• Technical
Instaclustr Synthetic Transaction Monitoring

Overview

One of the challenges we are constantly tackling at Instaclustr is how to effectively monitor clusters, and particularly read and write latency, given the wide variety of use cases that customer use our service for. Our recent introduction of synthetic transaction monitoring adds significantly to our capability to reliably monitor cluster performance regardless of use case.

Synthetic transaction monitoring

Synthetic transaction monitoring is a reasonably common monitoring technique where an automated system is set up to to regularly replay the same transaction and compare the performance of that transaction against a known baseline performance. This has some key advantages for any system versus monitoring based just on observed user transactions:

  • There is a known baseline performance with variation only caused by performance in the system being monitored, not variance in the types of transactions. This allows alerting rules to be tuned for significantly smaller variances.
  • The system produces a reliable, consistent level of transactions. Monitoring based on user transactions can be difficult where transactions are sporadic, resulting in need to average over a wider scope (and loss of fidelity).
  • The regular nature of synthetic transactions make it easy to distinguish between “the system stopped processing transactions because the source stopped sending them” and “the system stopped processing transactions because it is broken (in some otherwise undetectable way)”.

Advantages

In our circumstances running a managed service synthetic transactions have the additional advantage that it allows us to establish and monitor baseline performance regardless of customer use case. For our customers running Cassandra as an operational system, reads in the 10-20ms latency are the norm. For more analytical usages it’s not unusual to see latencies 5-10 times that. Sometimes this range can be seen on different tables in the same cluster or even on the same table at different times of the day (when batches run). Using synthetic transactions allows us to establish a baseline that is consistent across all clusters regardless of customer use case and monitor this baseline closely.

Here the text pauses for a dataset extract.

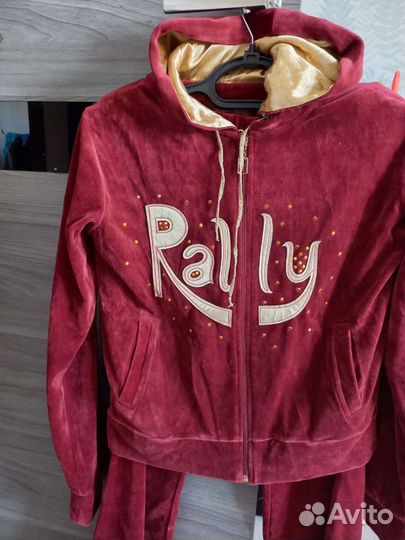 Спортивный костюм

The synthetic transactions we use are fairly simple (but very reliably test the proper functioning of Cassandra). We have a simple table setup with replication factor three in each data center.  Each node reads and writes to that table at LOCAL_QUORUM consistency level 30 times every twenty seconds (1.5 reads/writes per node per second is a trivial load to the 10,000s of simple transactions per second a node can support). The success and average duration of read and writes over the thirty second period is reported to our monitoring system for display on our dashboard and use in alerting.

Other monitoring

It’s worth noting that synthetic transactions are an addition to our existing monitoring rather than a replacement. We monitor read and write latency across all customers keyspaces (at relatively high levels to allow for use case variations) and for enterprise level customers can establish custom alerts for individual tables tuned to their specific use case. We also have plans to continue to enhance our capabilities in this area, particularly to provide better coverage for customer tables irrespective of variance in use cases.